What is required :: Using the data below, restate exactly every line from the one with "Hello everyone, welcome" up to and including the one with "In this video, let's". No picture belongs in it.

Data supplied: Begin

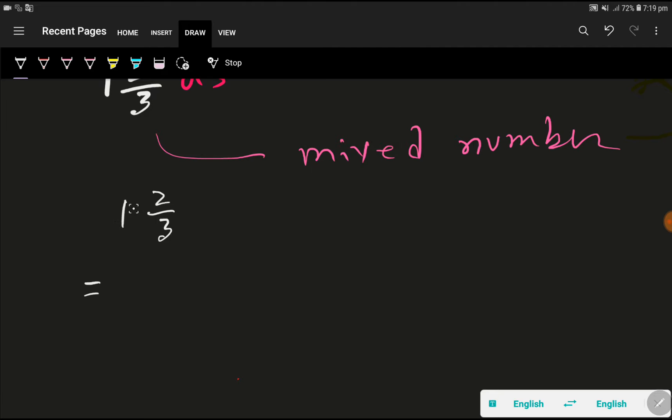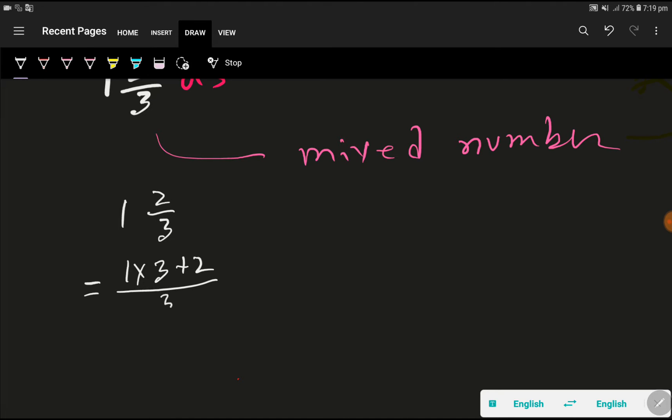So to do so, we have to multiply this whole number by the denominator of the fraction. Then we have to add the numerator of the fraction. Then we have to place the same denominator.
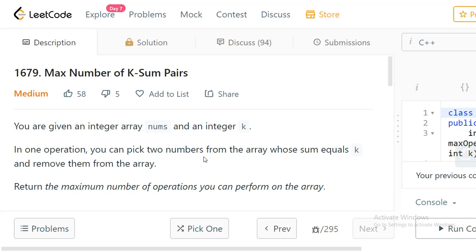Hello everyone, welcome to LeetCode programming. In this video I would like to discuss one of the problems from yesterday's weekly challenge. The problem is Maximum Number of K-Sum Pairs. Let's look at the problem description.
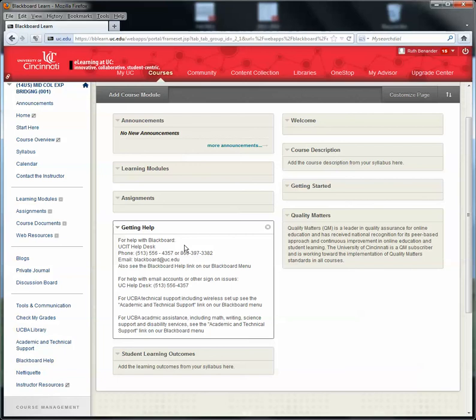We'll also be covering how to customize the home page so that it can be more useful to you if you come to any of the training sessions that we'll be offering over the course of the semester.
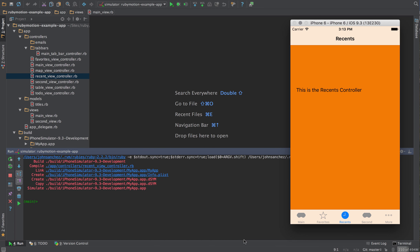In this video, let's go over some gestures within our application. We'll implement these gestures on our recent view controller — this would be the recents, the third tab within our tab bar.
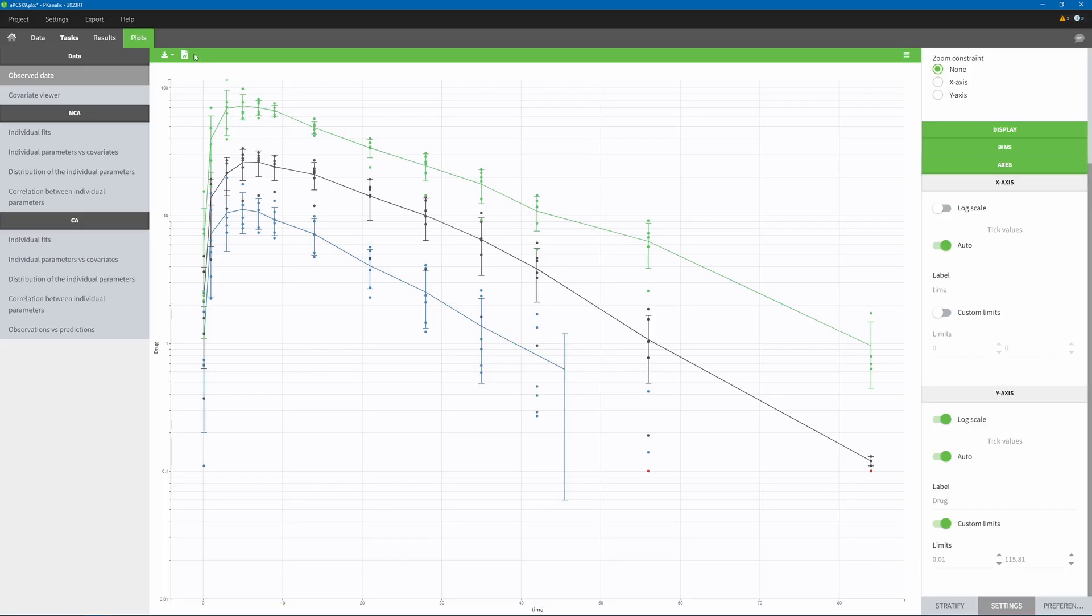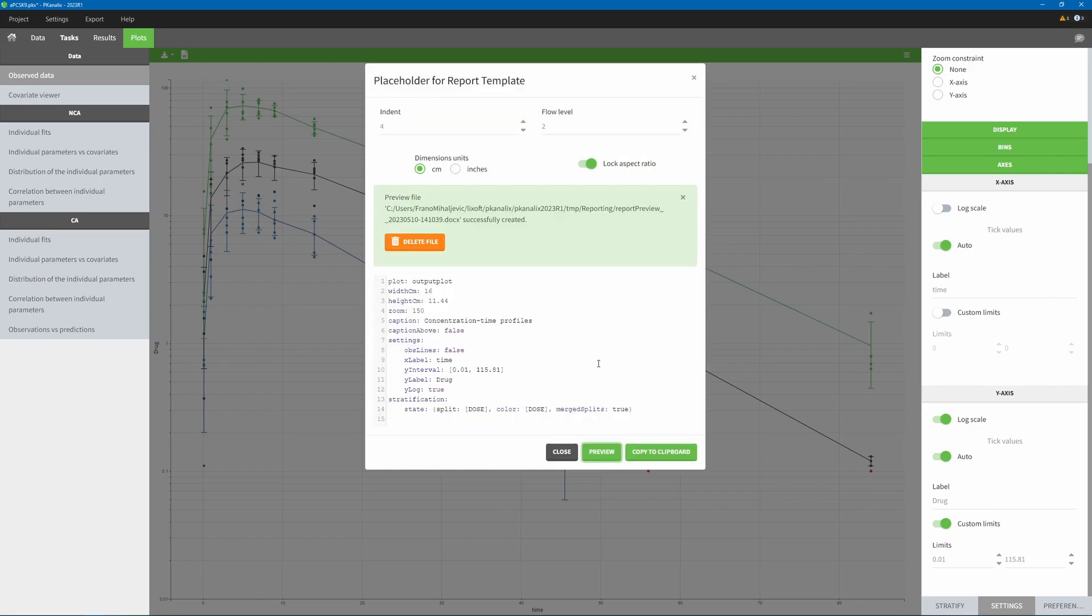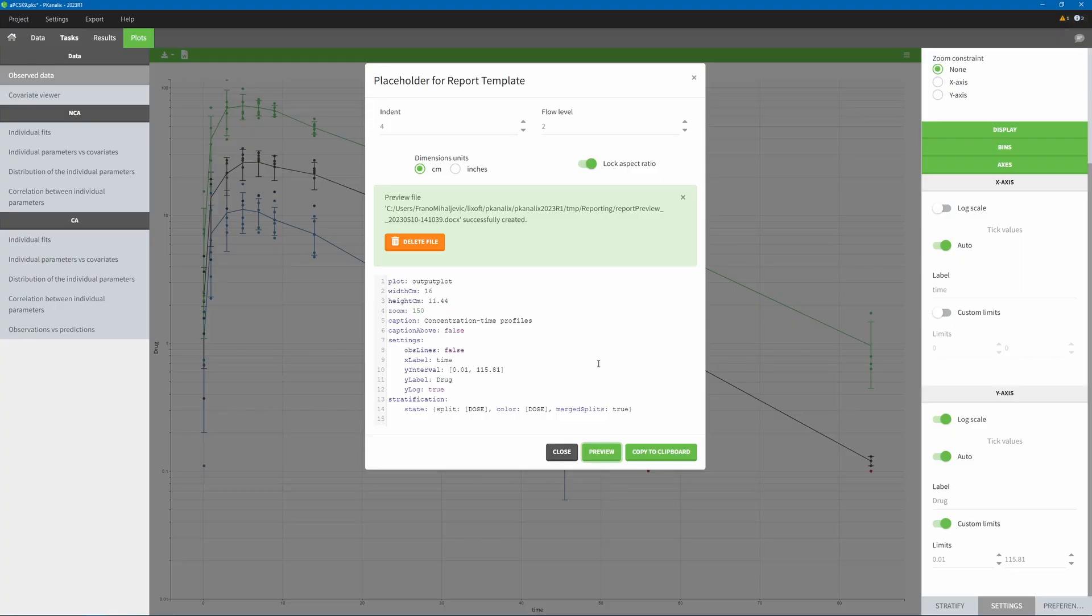You can see the placeholders directly in the interface with this button. In the window that opens, you can easily edit the placeholder settings, for example, to increase the size of all elements with the zoom value, and see the result right away with the preview button. Or copy the placeholder to paste it in your report template. Your template can even include customized table styles or several versions of the same plot with different settings.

Data supplied: End

Exercise result ::
Hello everyone, welcome to LeetCode programming. In this video I would like to discuss one of the problems from yesterday's weekly challenge. The problem is Maximum Number of K-Sum Pairs. Let's look at the problem description.
We'll also be covering how to customize the home page so that it can be more useful to you if you come to any of the training sessions that we'll be offering over the course of the semester.
In this video, let's go over some gestures within our application. We'll implement these gestures on our recent view controller — this would be the recents, the third tab within our tab bar.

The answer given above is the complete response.